Les villes africaines sont de plus en plus confrontées à une pollution atmosphérique critique, exacerbée par l’importation de véhicules d’occasions en provenance du monde entier. Cette situation suscite des préoccupations majeures pour la santé publique.
Un constat alarmant : l’importation massive de voitures usagées en Afrique
De Abidjan à N’Djamena, en passant par le Caire ou Ouagadougou, l’omniprésence des véhicules d’occasion importés est frappante. Sur le continent africain, la majorité des voitures, souvent vieillissantes, en circulation proviennent de l’étranger. Toutefois, ces véhicules, véritables reliques, contribuent largement à la pollution atmosphérique. Il n’est pas rare de voir leurs pots d’échappement émettre de lourdes volutes de fumée, empoisonnant ainsi l’air de ces agglomérations.
Enjeux de santé publics liés à la pollution de l’air
Outre l’aspect environnemental, la pollution de l’air porte en elle un réel danger pour la santé publique. Selon le Health Effects Institute, ce phénomène aurait causé la mort de 1,1 million d’Africains en 2019. Les substances toxiques émises par les pots d’échappement inhalées à long terme peuvent provoquer de lourdes pathologies. Les populations urbaines de ces villes, et plus particulièrement les plus vulnérables, sont directement exposées aux risques sanitaires.

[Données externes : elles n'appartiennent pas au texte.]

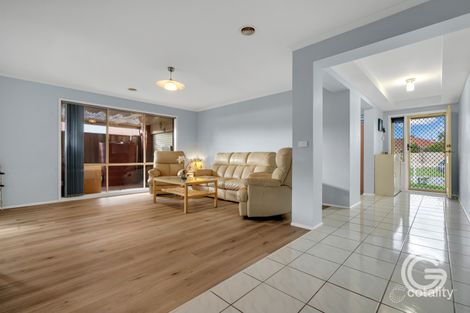 Property photo of 16 Peveril Crescent Cranbourne North VIC 3977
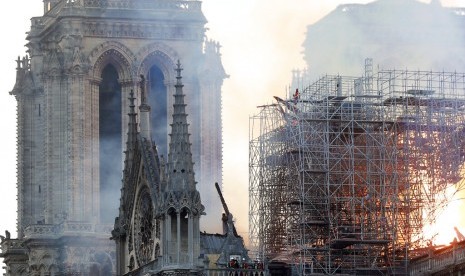 Kebakaran Katedral Notre-Dame di Paris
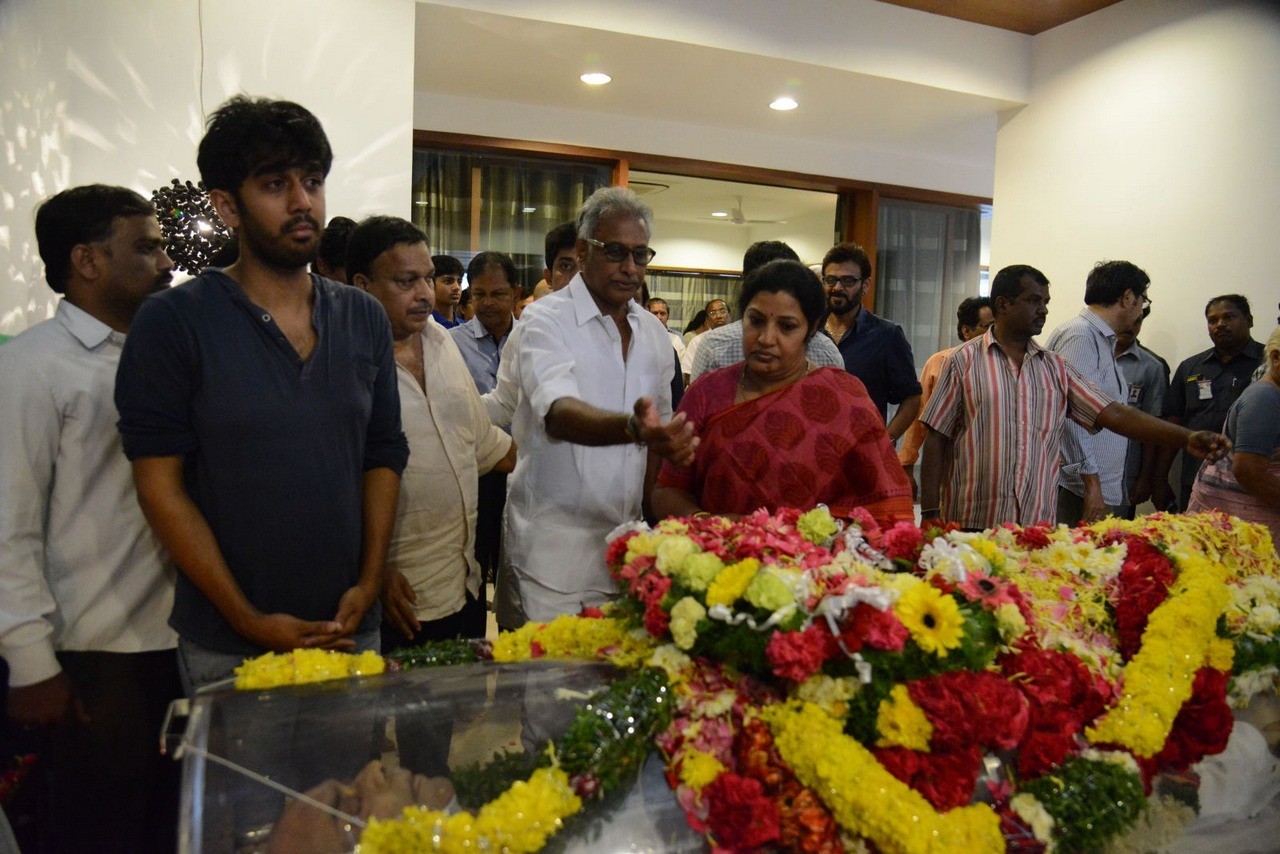 D Ramanaidu Condolences Photos 04 - 66 / 82 photos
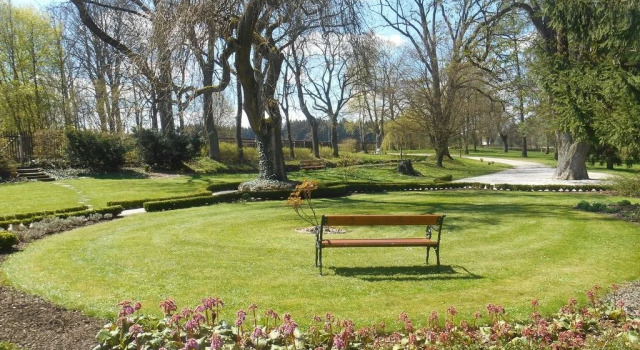 Zámeček Klokočov, Reserva ahora Hotel Hoteles de 5 estrellas en Pardubice Region, 5*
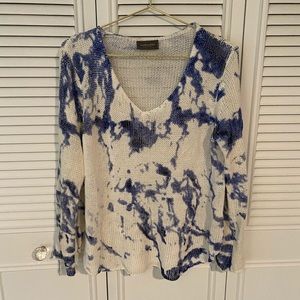 Lightweight weight sweater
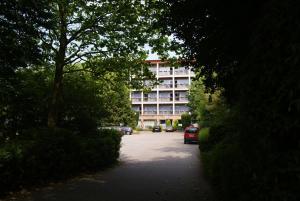 un coche aparcado frente a un edificio en Hotel Panorama, en Overijse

Le ronronnement des moteurs, nouvelle bande sonore des villes africaines
Aujourd’hui, difficile d’imaginer N’Djamena ou Ouagadougou sans le vacarme des moteurs et le vrombissement des pots d’échappement. Ils font désormais partie intégrante du paysage sonore des villes africaines. Pourtant, derrière ce bruit omniprésent, se cache une réalité bien plus sombre et inquiétante : celle d’un air pollué qui met en péril la santé des habitants.
De fortes conséquences environnementales
La circulation intense de ces véhicules usagés a également des répercussions sur l’environnement. Les émanations de ces voitures aggravent la pollution de l’air qui contribue de manière significative au réchauffement climatique. Des conditions météorologiques extrêmes, une acidification des océans et une augmentation du niveau des mers sont autant de conséquences directes de cette situation alarmante.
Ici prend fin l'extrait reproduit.